# [What the task requires]
Copy the data that follows exactly. Include no pictures.

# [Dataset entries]
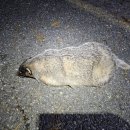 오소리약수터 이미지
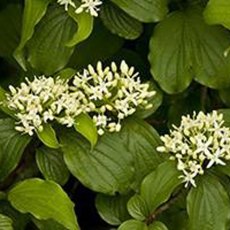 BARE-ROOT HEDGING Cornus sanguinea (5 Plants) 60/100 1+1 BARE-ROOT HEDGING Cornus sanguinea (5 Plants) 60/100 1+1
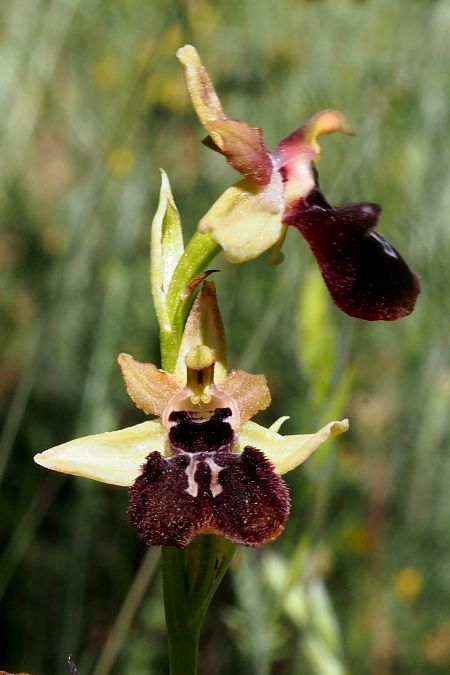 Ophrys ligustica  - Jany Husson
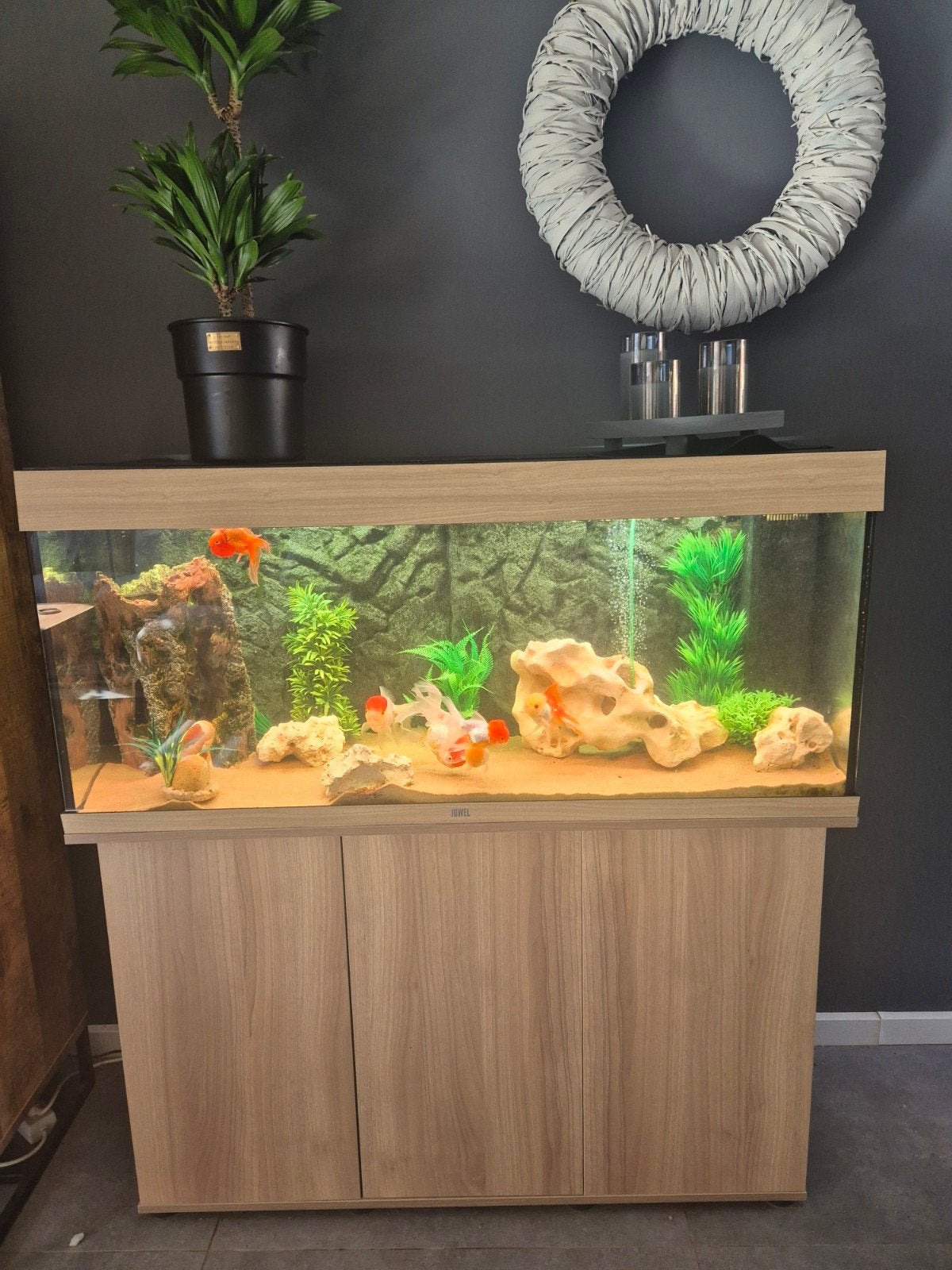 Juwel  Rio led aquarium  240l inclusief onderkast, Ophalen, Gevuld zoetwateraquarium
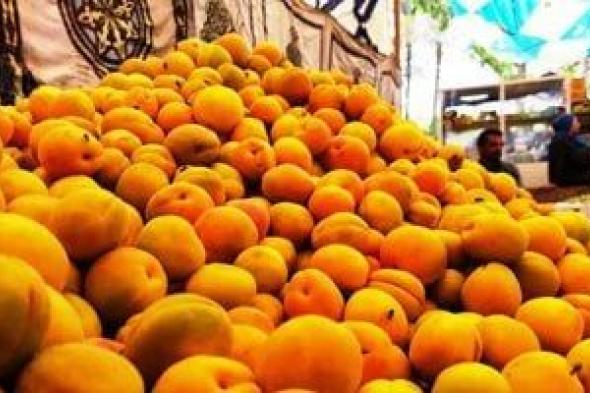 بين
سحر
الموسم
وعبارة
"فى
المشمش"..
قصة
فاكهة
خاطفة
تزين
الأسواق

# [Answer to this problem]
 오소리약수터 이미지
 BARE-ROOT HEDGING Cornus sanguinea (5 Plants) 60/100 1+1 BARE-ROOT HEDGING Cornus sanguinea (5 Plants) 60/100 1+1
 Ophrys ligustica  - Jany Husson
 Juwel  Rio led aquarium  240l inclusief onderkast, Ophalen, Gevuld zoetwateraquarium
 بين
سحر
الموسم
وعبارة
"فى
المشمش"..
قصة
فاكهة
خاطفة
تزين
الأسواق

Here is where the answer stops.